GIVEN INFORMATION Block Start

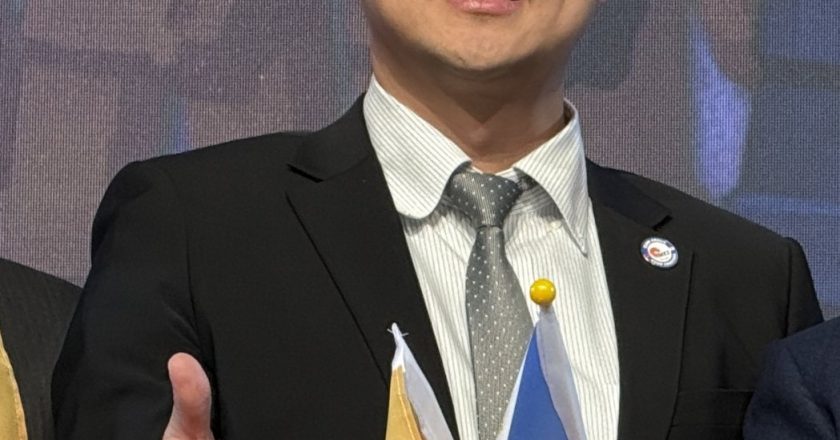 中砂半导体材料厂业绩创新高 股价盘中攻上涨停!
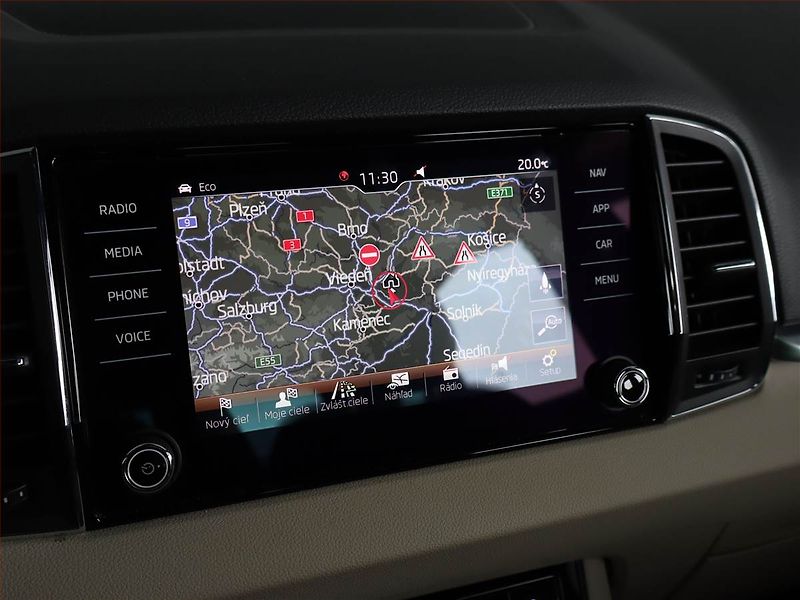 Škoda Karoq (2018) Style Plus 1.5 TSI, Automat - fotka 21 z 24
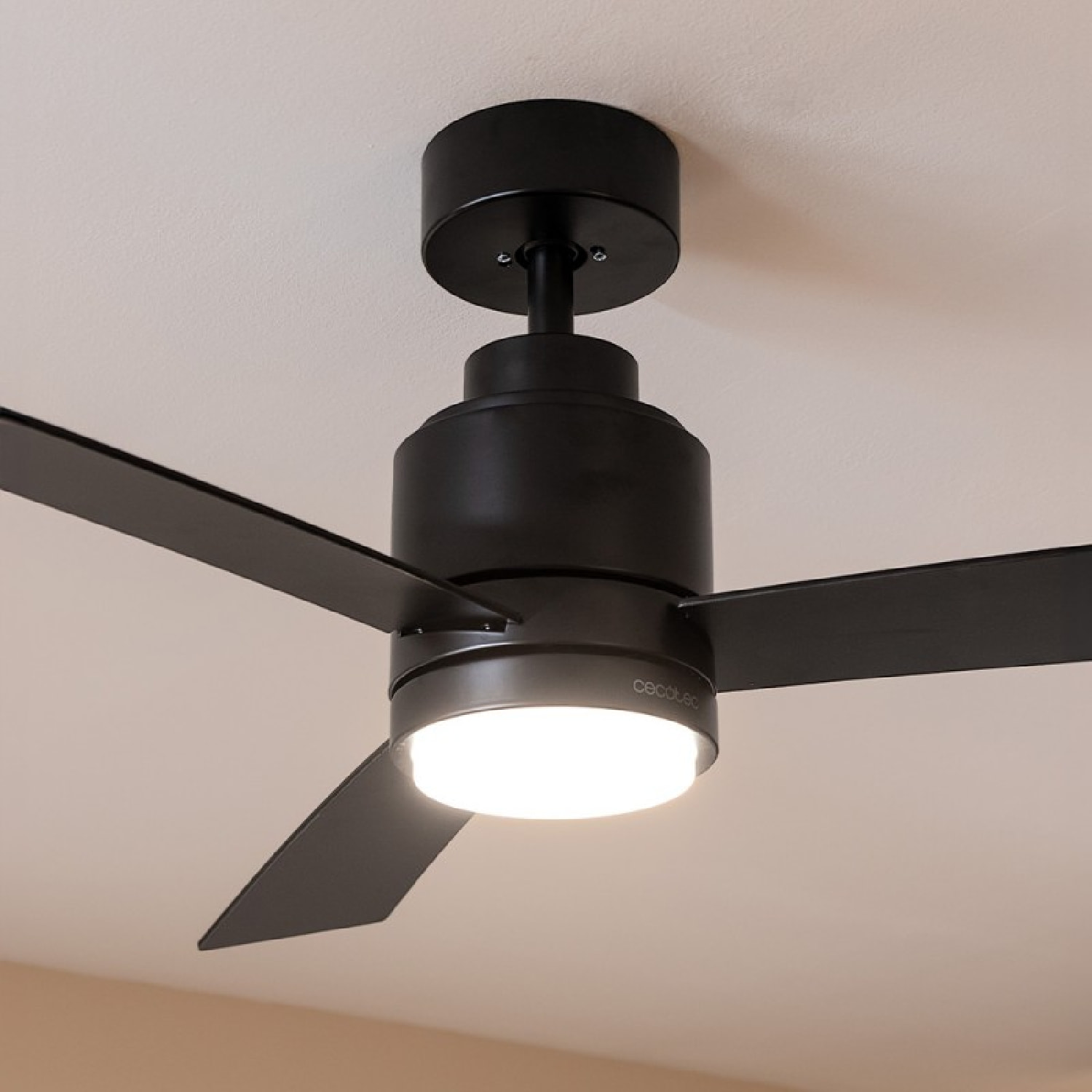 Cecotec Ventilateur de plafond EnergySilence Aero 4850 Style Black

GIVEN INFORMATION Block End

* _WHAT YOU WILL DO_: Drop the pictures and set down the data above exactly.

* _ANSWER TO THIS EXERCISE_:
 中砂半导体材料厂业绩创新高 股价盘中攻上涨停!
 Škoda Karoq (2018) Style Plus 1.5 TSI, Automat - fotka 21 z 24
 Cecotec Ventilateur de plafond EnergySilence Aero 4850 Style Black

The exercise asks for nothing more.